GE (NYSE:GE) reports their calendar Q1 '17 before the opening bell Friday morning, April 21, '17.
Before getting into a brief review of the fundamentals and earnings data for GE, the longer-term chart paints an interesting story:
Readers can hopefully see that GE is sitting right on the longer-term trend-line connecting the March '09 low to the late, 2011 low and just below the 50-week moving average.
To be clear for readers not proficient at reading charts, GE is at a critical juncture from a technical analysis perspective.
Consensus Street expectation for GE's Q1 '17 are looking for $0.17 in EPS on $26.4 billion in revenue for expected year-over-year growth for drops of -19% and -5% respectively, however that is comparing "new GE" (ex GE Capital) to some of the Old GE, which included Capital.
Full-year 2017 consensus per Thomson Reuters I/B/E/S is expecting $1.63 in earnings per share on $125 billion in revenue for full-year y/y growth of 9% and 1%, respectively.
Frankly, as an analyst / portfolio manager that really likes to dig into the numbers and look at trends for every company followed fundamentally, looking at GE's financials, and even pro-forma Street sell-side models is like trying to read ancient Sanscrit.
GE is still a combination of Industrial and Capital, with some of what's left of Capital influencing the numbers, but I expect the distortion of Capital to diminish as we move through 2017.

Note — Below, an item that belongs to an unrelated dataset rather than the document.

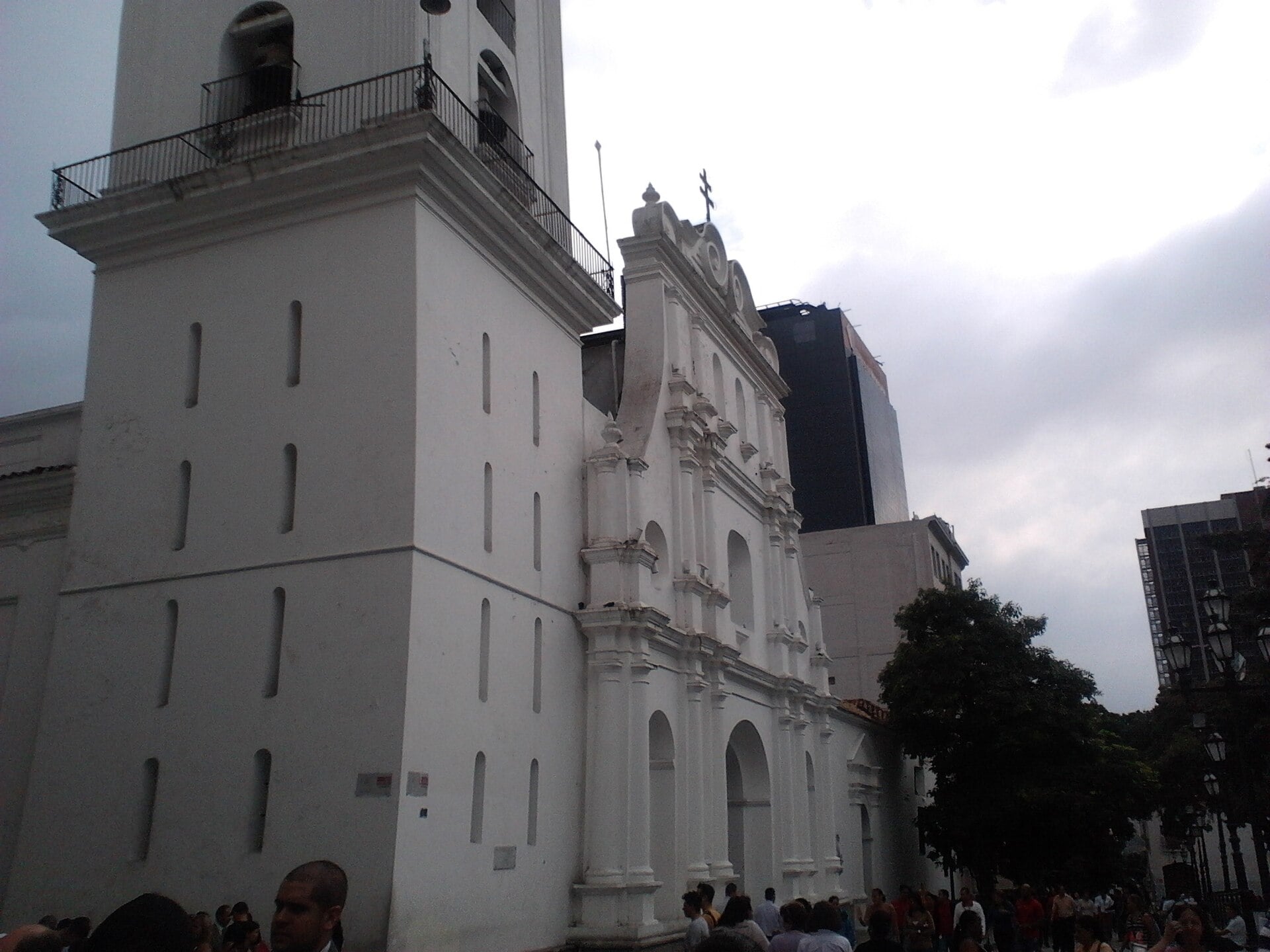 The white bell tower and baroque front of the Caracas Cathedral on a cloudy day, with people standing in the plaza in the foreground and office towers behind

However looking at "New GE" analyst models that have pulled out the ongoing Industrial businesses, from "Old GE" one sell-side model is looking for a 1% drop in full-year 2017 revenue but 13% pre-tax income growth for '17, and continued margin expansion for the next few years.
And therein lies the Trian influence.
GE recently raised the dividend slightly to $0.96 in 2017 from $0.92 in 2016, but GE repo'ed $21 bl of stock in 2016 per the 10-K.
GE's current dividend yield is 3.25%.
Analysis / conclusion:
Readers might think it overly simplistic, but I subscribe to Morningstar's investment research, and I thought Morningstar's Industrial analyst, Barbara Noverini, described GE perfectly when she wrote recently that "GE's wide-moat pivot largely complete; now we look for execution".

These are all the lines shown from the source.